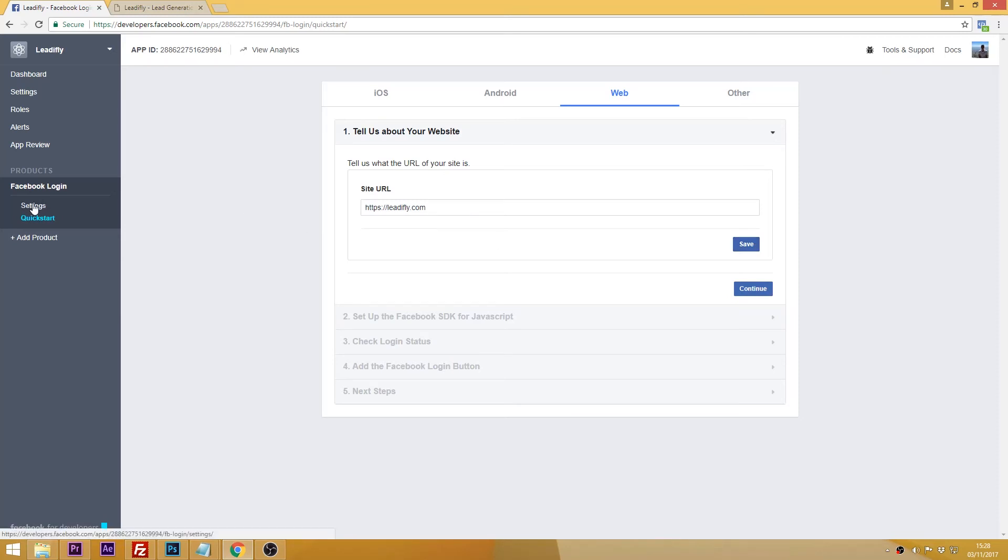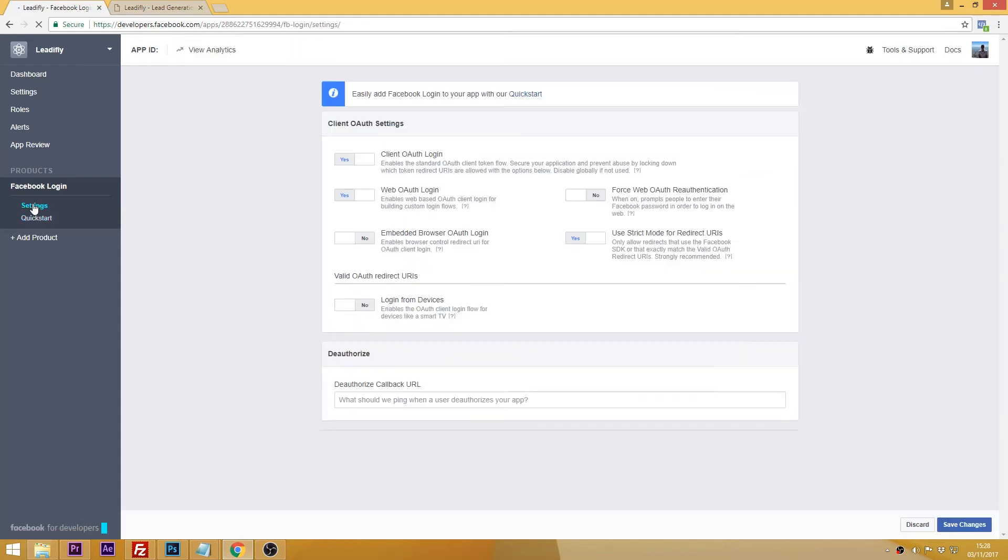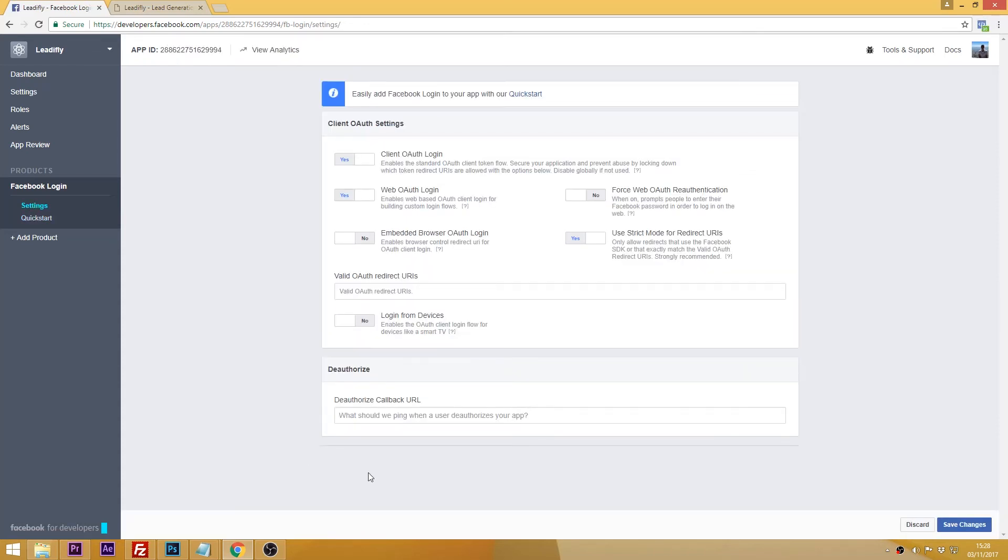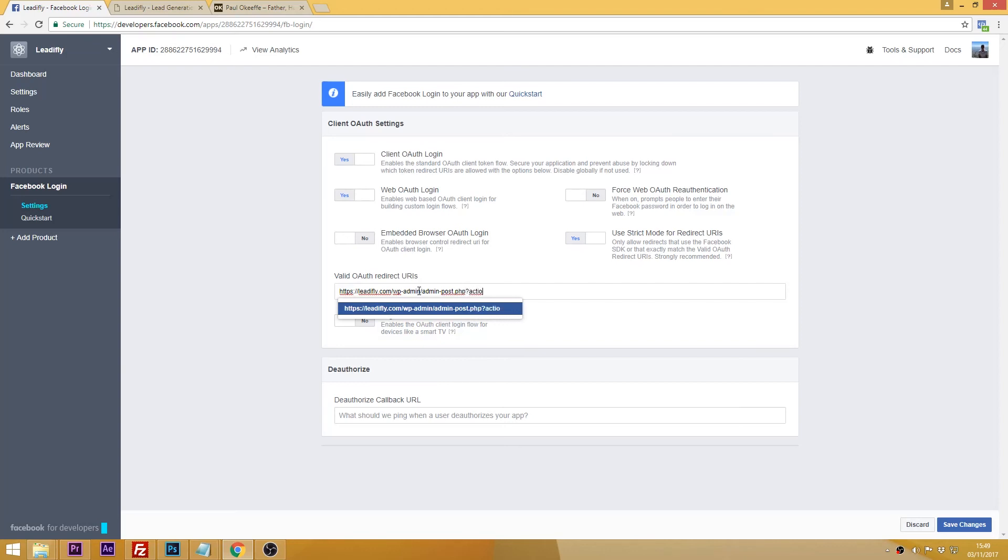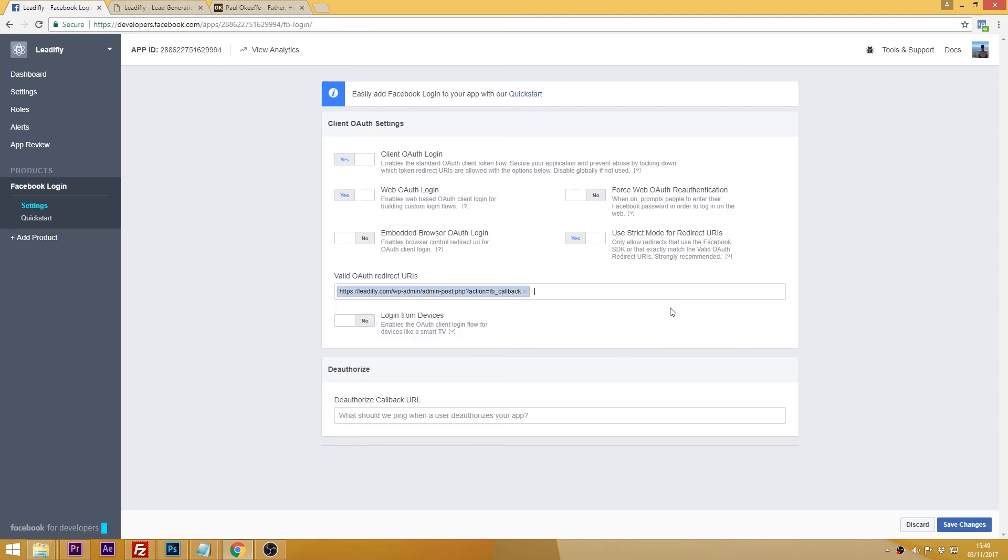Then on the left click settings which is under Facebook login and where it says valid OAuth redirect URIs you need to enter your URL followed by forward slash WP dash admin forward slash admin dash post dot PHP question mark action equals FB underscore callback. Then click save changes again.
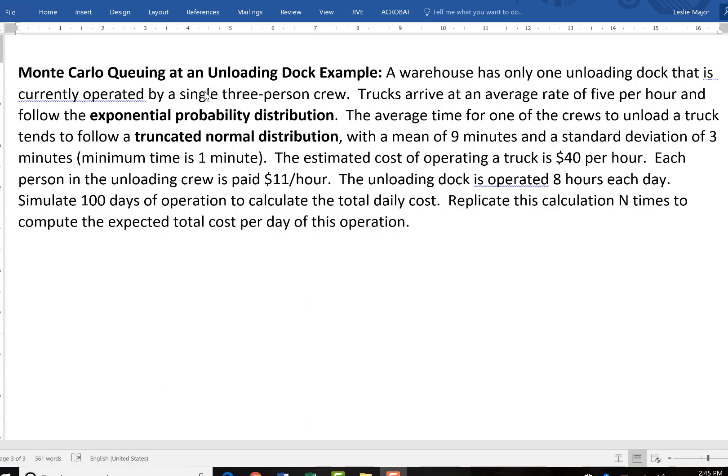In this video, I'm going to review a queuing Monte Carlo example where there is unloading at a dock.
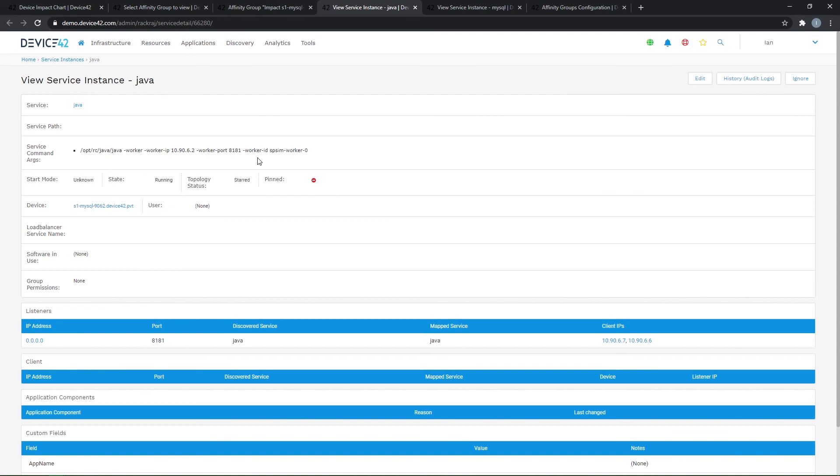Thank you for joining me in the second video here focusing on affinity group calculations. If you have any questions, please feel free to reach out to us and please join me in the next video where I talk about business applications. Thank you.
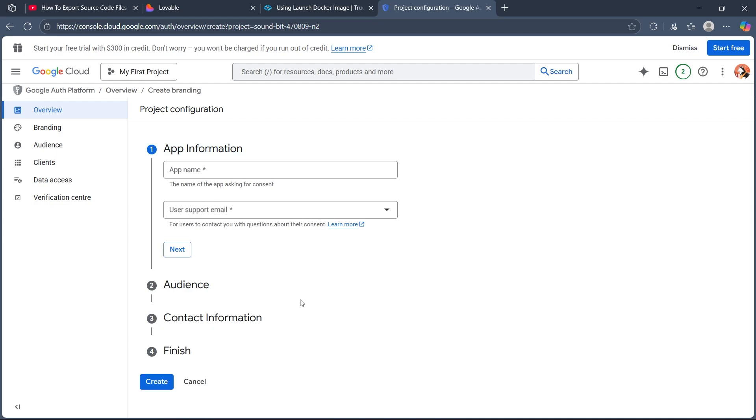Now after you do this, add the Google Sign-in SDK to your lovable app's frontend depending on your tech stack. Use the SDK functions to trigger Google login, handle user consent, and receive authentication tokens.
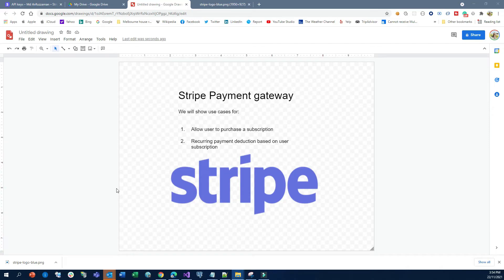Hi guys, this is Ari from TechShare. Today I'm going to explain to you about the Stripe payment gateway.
○ ○ ○ ○ ○ ○ ○
#### Exercise goal
Using the records above, print exactly the run of lines that starts with the line with "In this video, I'm" and goes on through the line with "Thank you for", pictures excluded.

#### Response area
In this video, I'm going to review a queuing Monte Carlo example where there is unloading at a dock.
Thank you for joining me in the second video here focusing on affinity group calculations. If you have any questions, please feel free to reach out to us and please join me in the next video where I talk about business applications. Thank you.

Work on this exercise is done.